In order to determine the role of endogenous histamine in the regulation of cell growth, the in vitro action of fluoromethyl-histidine (MFMH) was studied in experimental mammary carcinomas induced in rats. Tumor cells were cultured in soft agar using the clonogenic agar technique. The MFMH was added in different concentrations (0.01-100 microM). The effect observed was a 60% inhibition on colony formation with a maximal effect at concentrations over 10 microM. This action was completely reverted by the H2 agonists dimaprit and arpromidine with an IC50 value of 1 microM. The action of the H2 agonists when added alone was a significant increase in cell proliferation (135%), while the H1 agonist produced a dose-dependent inhibition on cell growth. In these experimental carcinomas endogenous histamine is critical for cell proliferation and one of its major effects may be the stimulation of cell growth by acting on specific H2 membrane receptors.

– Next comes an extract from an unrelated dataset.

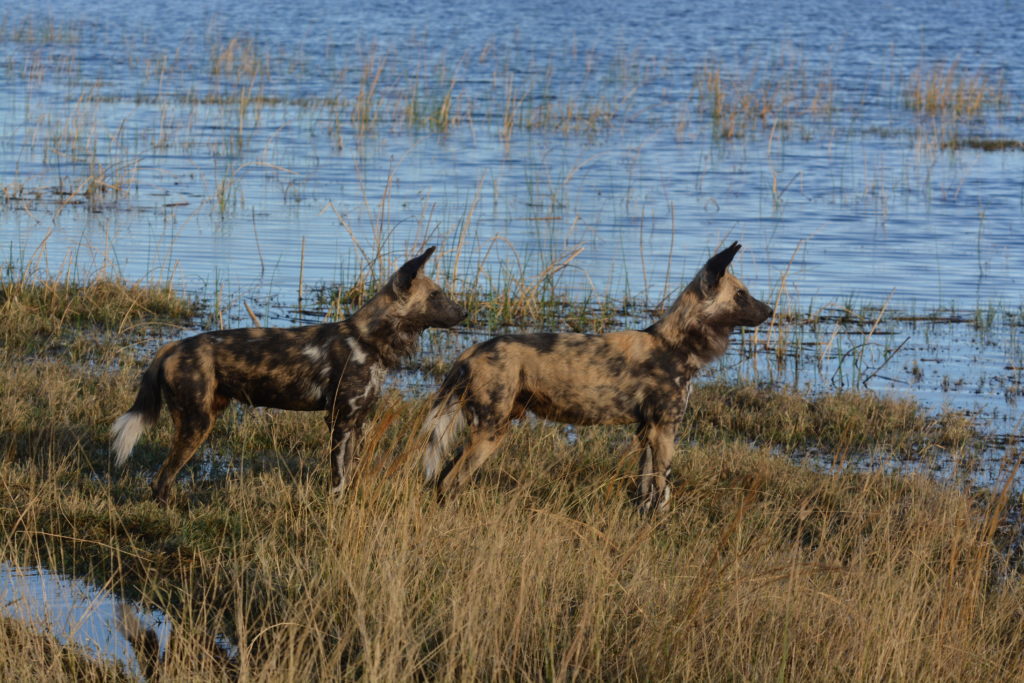 African wild dogs on the hunt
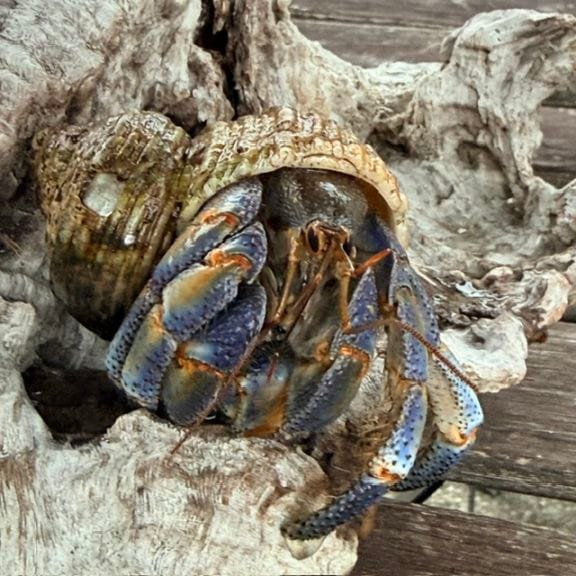 赤い足のオカヤドカリさん | 海水魚図鑑（過去入荷）,オカヤドカリ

Effect of histamine on growth and differentiation of the rat mammary gland.

The presence of H1 and H2 histamine receptors and their associated second messenger systems were studied during the development of the rat mammary gland. In the tissue of the young female, histamine presented a double receptor site as previously described for experimental mammary tumors, namely a high affinity H2 site (Kd = 10 +/- 2 nM, Bmax = 1068 +/- 71 fm/mg prot.), which mediated its effect via the products of phosphoinositide hydrolysis and a low affinity H1 receptor (Kd1 = 5 +/- 2 nM, Bmax = 188 +/- 33 fm/mg prot. and Kd2 = 41 +/- 20 nM, Bmax = 1980 +/- 790 fm/mg prot. when characterized with 3H-mepyramine), coupled to adenylyl cyclase activation. On the other hand, the mammary gland of the adult rat presented these receptors coupled to the classical second messenger systems described for mammalian cells, that is, the H2 receptor produced an increase in intracellular cAMP levels and the H1 receptor increased the phosphoinositide turnover. We conclude that histamine plays a critical role during development and differentiation of the normal rat mammary gland.